The following acquisition strategy can be put into play whether you’re a flipper, long term investor, even a spec builder.
Heck, wanna buy the lot on which you’re gonna build your dream home? This will work for ya big time. The first part of the recipe is to own a discounted note, secured by real estate. Seriously though, you can begin by makin’ a deal with a seller before you actually have one. I know, cuz I’ve seen me do it. 😉
What you’ll be doin’ is taking advantage of your discount.
Sometimes you’ll get full credit for the note’s balance, sometimes you won’t. But I’ve never been forced to transfer title at my purchase price. I’ve always received more credit for the note than I paid — which is the idea, right? (Captain Obvious rollin’ his eyes.) It sounds a lot more complicated than it is, though tryin’ this using the DIY approach will, in my opinion, end up becoming a life lesson.
Let’s say you own a note with a balance of $100,000 for which you paid $60,000. Using the note as full or partial payment of the purchase price is the goal. Though I’ve known seasoned investors who’ve agreed to take what they had into it, what went unsaid was the years they may’ve held the note making thousands a year in payments. However, most times you’ll be able to get credit exceeding your initial capital output. Make sense?
If you do indeed succeed in buyin’ some real estate using a discounted note, understand there will many times be tax consequences.
For example, if I paid $X for a note and traded it for face value, which was $30,000 over $X, that difference would be subject, at least most of the time, to taxation. Sometimes it would be at ordinary tax rates, but most of the time it would be under the more attractive capital gains rates. There are strategies we can use to either reduce those taxes or avoid them altogether.
A Tax Strategy I’ve Often Used
For example, several times I’ve avoided a taxable event completely by using the note itself as collateral for a new note carried back by the seller.
The seller does their own due diligence to ensure their own security. This also works in the seller’s favor tax wise. It allows them to claim installment sale treatment to the extent they carried back a note. Many believe when a seller carries back some of the purchase price in the form of a note that it must be secured by the subject property itself.

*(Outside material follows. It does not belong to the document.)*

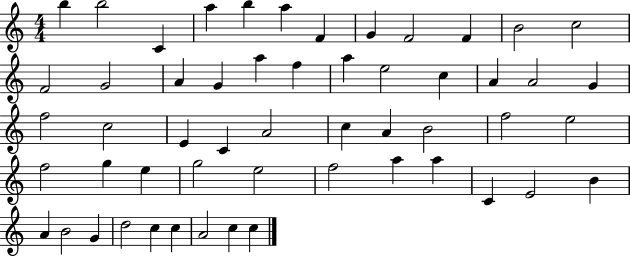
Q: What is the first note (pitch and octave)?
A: B5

Wrong installment sale breath. In fact, in my experience it doesn’t hafta be secured at all, though I’ve only been able to execute that once. 🙂
Simply have the seller carry back all or a portion of the sales price evidenced by a newly created note. That note will then be secured by the secured note you already own.
When the seller’s note is ultimately paid in full, your note is then released as a security instrument, and you still own the note. Nice, eh? In that scenario you either paid no taxes on the payments you received from your discounted notes, or very little. The reason is the offset of interest payments made by you on the seller carry back note. You made use of the principle of hypothecation. Make sense?
You can make use of this strategy in many ways, both mechanically and tax wise. The bottom line benefit most of the time is the ability to save cash. Many times the owner of a fixer will prefer getting a note they perceive as a better deal for them down the road, than a lower cash amount now.
Also, older sellers often look at note income very favorably. Transactions for them can be structured such that any tax liabilities can be spread out over several years. This works especially well when, for whatever reason, their primary residence or investment property presents a tax problem by taking any or too much cash in the year of sale. You can be of real benefit and service to them by presenting this option.
I’ve had a few times when the seller literally couldn’t sell in that year in the traditional way, but loved what their tax accountant had to say about our proposal. In the end, investors with the ability to acquire discounted notes secured by real estate, can create some pretty nice equity positions for themselves if done correctly and with the right professionals advising them.
This doesn’t in any way touch on all the strategies you can implement with discounted notes when investing in real estate. But it’s a dang good start, right?
How did you begin investing in notes?